“Charles Garry Visits Jonestown: ‘I Have Been To Paradise’”
The Sun Reporter, November 10, 1977
On Nov 6 Peoples Temple welcomed Charles Garry, who represents Peoples Temple as its attorney. Garry had recently returned from a visit to the temple’s agricultural project in Guyana Jonestown (so named by the Guyanese government). He had much information to shar
“Last Monday I was on a talk show,” he began, “and I had the opportunity to tell that [what] I had seen and I had been in paradise. I saw it. It’s there for anyone to see, and I’m hopeful that in the next few days or weeks we’ll be able to have a documentary, which everyone will be able to see.
[“]I saw community where there is no such thing as racism. No one feels the color of his skin, whether he’s black, brown, yellow, red, or white. I also noticed that no one thinks in terms of sex. No one feels superior to anyone else. I don’t know of any community in the world today that has been able to solve the problem of male sex supremacy completely. That does not exist in Jonestown.
“I also saw something else. There is no such thing as ageism. The community is comprised of the little children, the teenagers, the young adults, the older adults, the senior citizens, all together.
“I have never seen so many happy faces in my life as I did in Jonestown the three days I was there. I want that captured (on film) so that skeptical America will know what it is when you live without fear of the rent being due, and all the other problems we’re surrounded by.
“There are some 800 persons or more there now. They’ve got cottages set up that you just could not believe. I saw sanitation there that I have never seen in any part of the world, except Switzerland. You can eat off the ground.”

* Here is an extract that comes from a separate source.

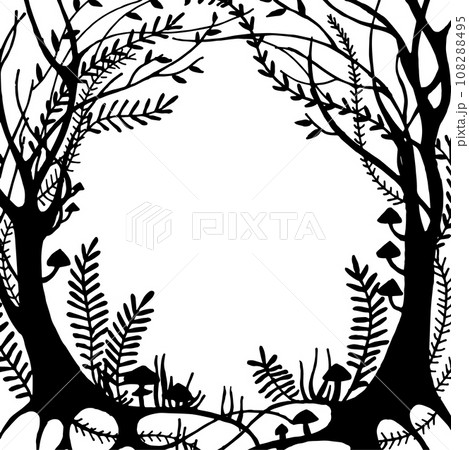 vector drawing, black and white magic forest frame. silhouette of a fabulous, magical forest. design for halloween. frame for cards, books. vector drawing, black and white magic forest frame. silhouette of a fabulous, magical forest. design for halloween. frame for cards, books. 108288495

He went on to speak of the consistently high level of medical care, organized under a doctor who is “thorough, conscientious and dedicated.” The medical team has “the latest in medical equipment and books,” and “every person who goes to Jonestown is medically thoroughly examined, and charts are prepared.” He recalls that he urged Dr. Schacht to start keeping daily, hourly diaries, to put the operation of the medical compound in writing, so that some of our medical schools, and the American Medical Association, can learn from what is being done at Jonestown.
A high point of his talk related to the care of senior citizens, which he said moved him deeply. “All the senior citizens’ cottages are built around the immediate vicinity of the medical compound. Every single morning a member of the medical team knocks on the cottage of the senior citizen and inquires, ‘Did anybody have a problem during the night? Do you have any problems here this morning?’ Can you imagine the security that the senior citizens feel with this kind of care? I’d like to have a representative from a body here that’s trying to improve the lot of senior citizens who are felt to be beggars and paupers to see what is going on in Jonestown.”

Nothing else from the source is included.